Oleh : Dra. Wigang Solandjari, Dosen AKAFARMA PIM
Kecenderungan masyarakat untuk kembali ke alam (Back to Nature) untuk
memelihara kesehatan tubuh dengan memanfaatkan obat bahan alam yang
tersedia melimpah di tanah air ini mengakibatkan industri di bidang obat
tradisional berusaha meningkatkan kapasitas produksinya. Berkembangnya
pasar bagi
peredaran obat tradisional ini juga berperan dalam
menumbuhkan industri baru di bidang obat tradisional dan meningkatnya
peredaran obat tradisional yang berasal dari negara lain. Kecenderungan
kembali ke alam ini didasari alas an umum bahwa obat bahan alam
merupakan bahan yang aman digunakan dan mudah didapat.
Badan POM selaku badan yang memiliki kewenangan mutlak didalam
pengawasan obat dan makanan di Indonesia, terus berupaya untuk memenuhi
keinginan masyarakat dengan meningkatkan perannya didalam melindungi
masyarakat dari peredaran obat tradisional yang belum memenuhi syarat
mutu dan keamanan. Disamping itu, Badan POM juga berperan dalam membina
industri maupun importir/ distributor secara komprehensif mulai
pembuatan, peredaran, dan distribusi supaya masyarakat terhindar dari
penggunaan obat tradisional yang berisiko bagi pemeliharaan kesehatan.
Pengawasan yang dilakukan oleh Badan POM dimulai sebelum produk beredar
yaitu dengan evaluasi produk pada saat pendaftaran (pre marketing
evaluation/ product safety evaluation), inspeksi sarana produksi sampai
kepada pengawasan produk di peredaran (post marketing surveillance).
Definisi Obat Tradisional adalah bahan atau ramuan bahan yang berupa
bahan tumbuhan, bahan hewan, bahan mineral, sediaan sarian (galenik)
atau campuran dari bahan tersebut yang secara turun temurun telah
digunakan untuk pengobatan berdasarkan pengalaman. Sesuai dengan
peraturan perundang-undangan yang berlaku, obat tradisional dilarang
menggunakan: Bahan kimia hasil isolasi atau sintetik berkhasiat obat;
Narkotika atau psikotropika; Hewan atau tumbuhan yang dilindungi.
Sampai saat ini Badan POM masih menemukan beberapa produk obat
tradisional yang di dalamnya dicampuri bahan kimia obat (BKO).

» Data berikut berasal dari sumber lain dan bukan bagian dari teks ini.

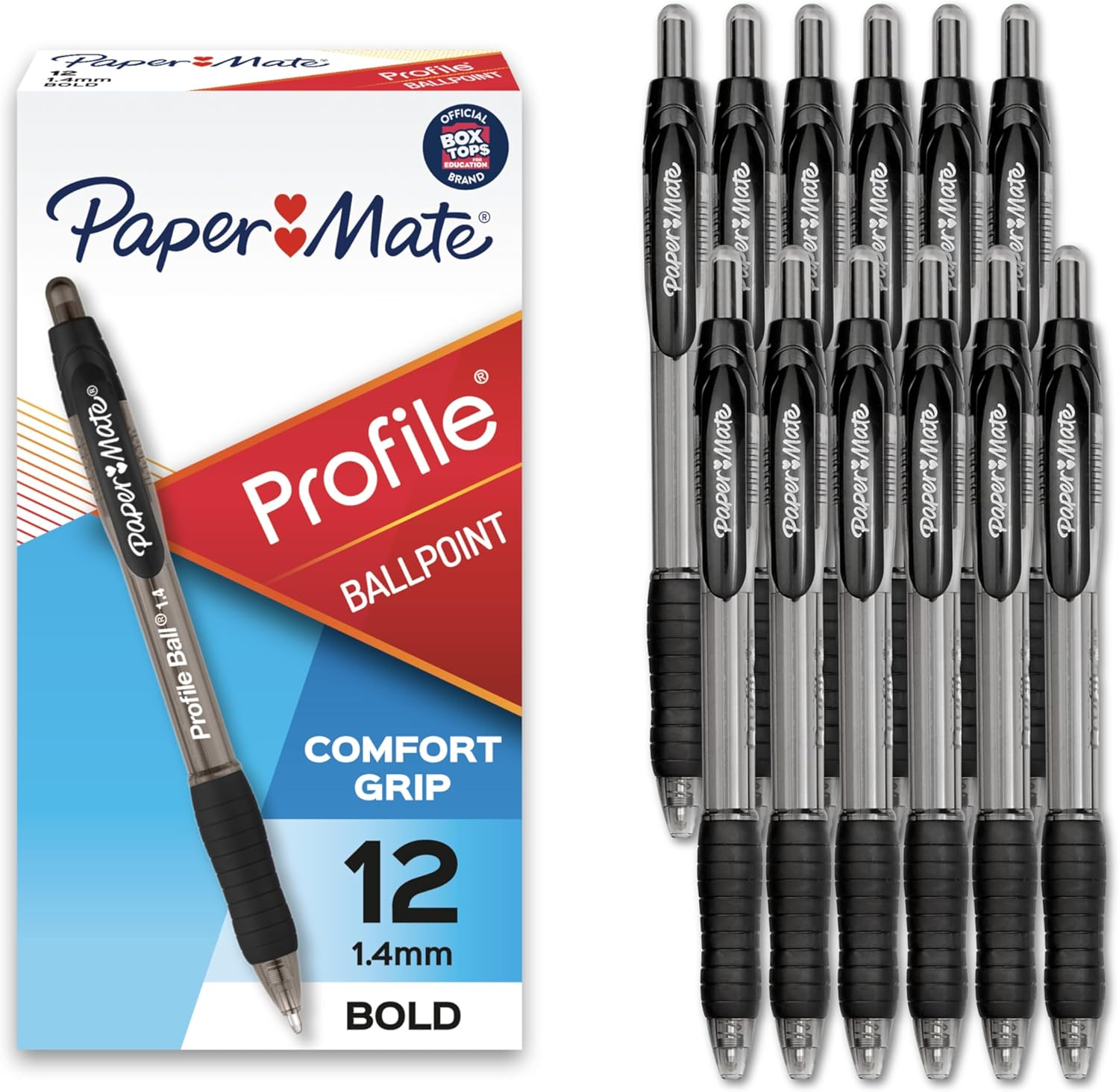 Paper Mate Profile Retractable Ballpoint Pens, Bold Point (1.4mm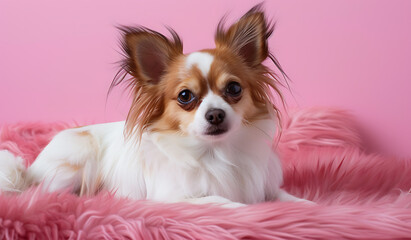 a small white and brown dog on a pink background in t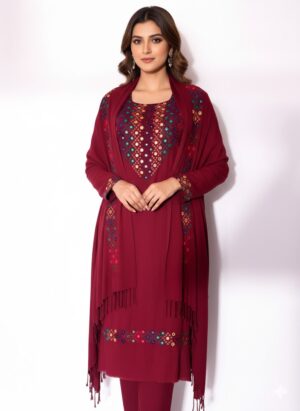 Red Rose Afghan Dress Panjabi Model Roza - Afghan Dress Panjabi Model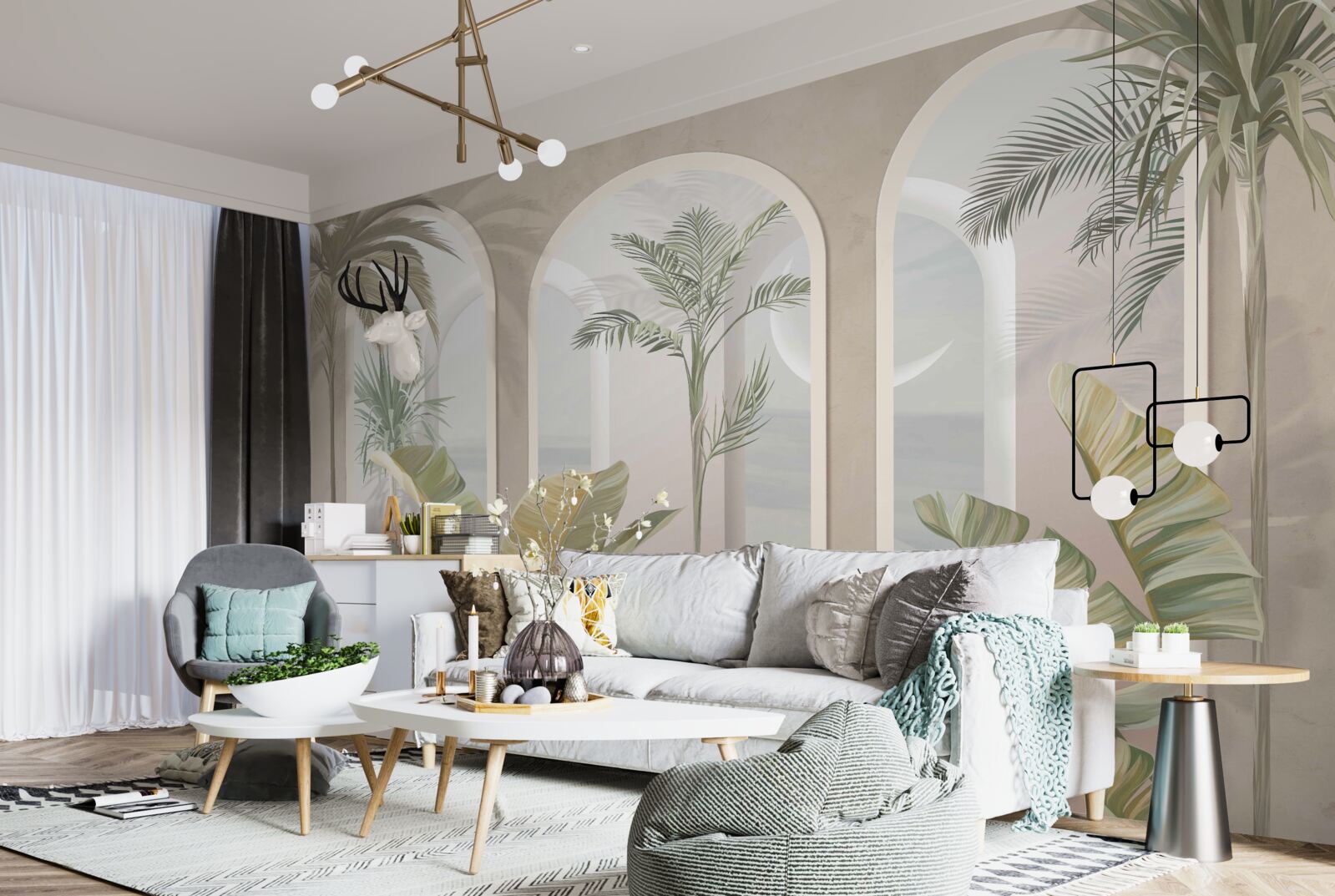 Fototapeta palmy a paprade pod vysokými oblúkmi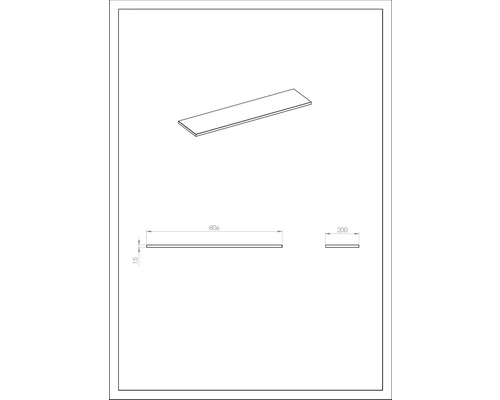 Technický nákres police s rozměry 806, 200 a 15 milimetrů.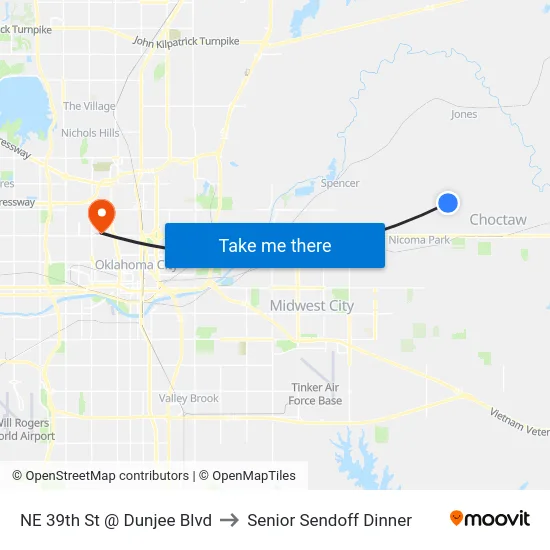 NE 39th St @ Dunjee Blvd to Senior Sendoff Dinner map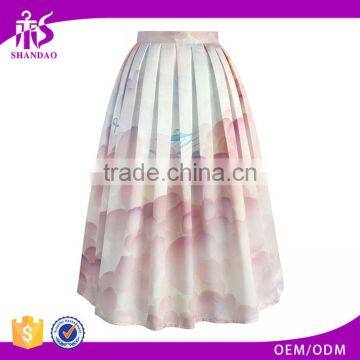 2016 Guangzhou Shandao OEM/ODM Custom Design Summer Hot Sale Pleated Printed High Waist A Line Satin Half Fashion Skirt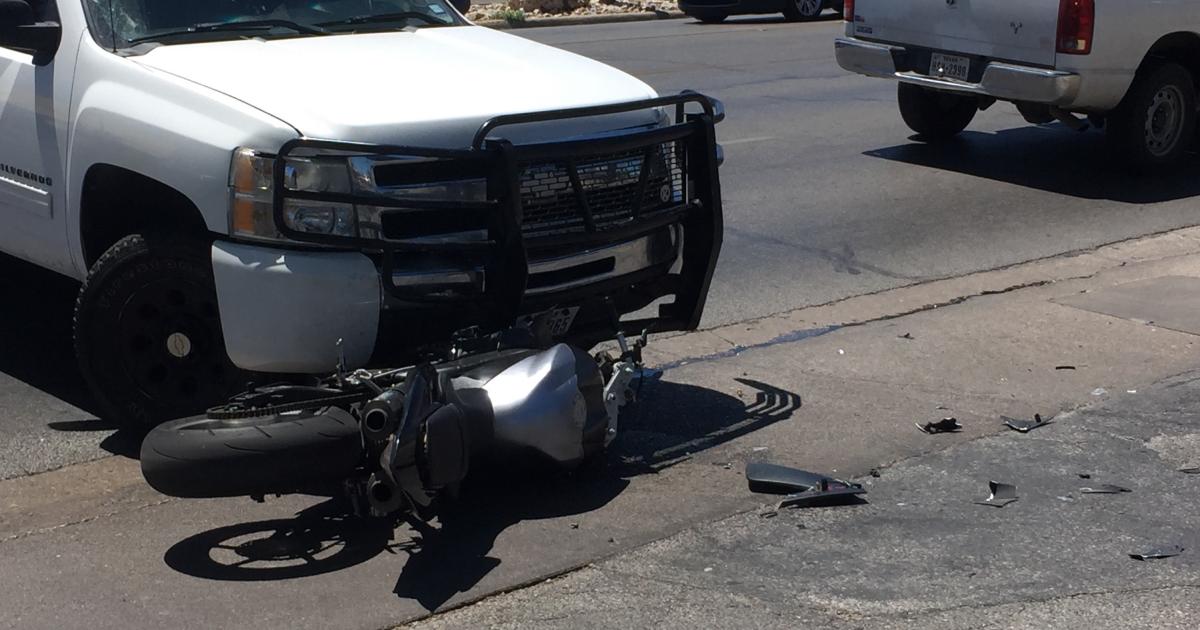 Pickup Driver Turns Left into Motorcyclist on Sherwood Way. (LIVE! Photo/Megan Holmquest) Pickup Driver Turns Left into Motorcyclist on Sherwood Way. (LIVE! Photo/Megan Holmquest)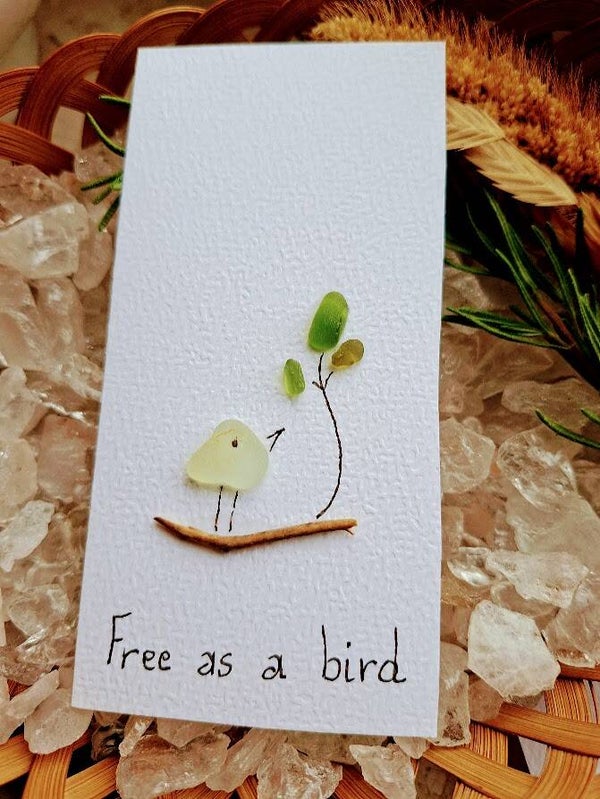 Seaglass wenskaartje Free as a bird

BKO di
dalam obat tradisional inilah yang menjadi selling point bagi produsen.
Hal ini kemungkinan disebabkan oleh kurangnya pengetahuan produsen akan
bahaya mengonsumsi bahan kimia obat secara tidak terkontrol baik dosis
maupun cara penggunaannya atau bahkan semata-mata demi meningkatkan
penjualan karena konsumen menyukai produk obat tradisional yang bereaksi
cepat pada tubuh.
Konsumen yang tidak menyadari adanya bahaya dari obat tradisional
yang dikonsumsinya, apalagi memerhatikan adanya kontraindikasi
penggunaan beberapa bahan kimia bagi penderita penyakit tertentu maupun
interaksi bahan obat yang terjadi apabila pengguna obat tradisional
sedang mengkonsumsi obat lain, tentunya sangat membahayakan.
Untuk itulah Badan POM secara berkesinambungan melakukan pengawasan
yang antara lain dilakukan melalui inspeksi pada sarana distribusi serta
pengawasan produk di peredaran dengan cara sampling dan pengujian
laboratorium terhadap produk yang beredar. Informasi adanya BKO di dalam
obat tradisional juga bisa diperoleh berdasarkan laporan / pengaduan
konsumen maupun laporan dari Yayasan Badan Perlindungan Konsumen
Nasional.
Menurut temuan Badan POM, obat tradisional yang sering dicemari BKO
umumnya adalah obat tradisional yang digunakan pada table berikut .
Bagaimanakah mengidentifikasi secara cepat adanya BKO di dalam obat tradisional.
Yang dapat dilakukan secara cepat sebagai tindakan kewaspadaan terhadap
obat tradisional yang tidak bermutu dan bahkan mungkin tidak aman adalah
:
• Apabila produk di klaim dapat menyembuhkan bermacam-macam penyakit.
• Bila manfaat atau kerja obat tradisional dirasa sedemikian cepatnya terjadi (cespleng).
Untuk melindungi masyarakat dari bahaya akibat penggunaan obat
tradisional yang dicemari BKO, Badan POM RI telah memberikan peringatan
keras kepada produsen yang bersangkutan dan memerintahkan untuk segera
menarik peredaran produk serta memusnahkannya. Apabila peringatan
tersebut tidak ditanggapi, Badan POM dapat membatalkan ijin edar produk
dimaksud bahkan mengajukanya ke pengadilan. Tindakan produsen dan
pihak-pihak yang mengedarkan produk obat tradisional dengan menambah BKO
telah melanggar UU No.23 tahun 1992 tentang Kesehatan dan Undang-Undang
No. 8 tahun 1999 tentang Perlindungan Konsumen.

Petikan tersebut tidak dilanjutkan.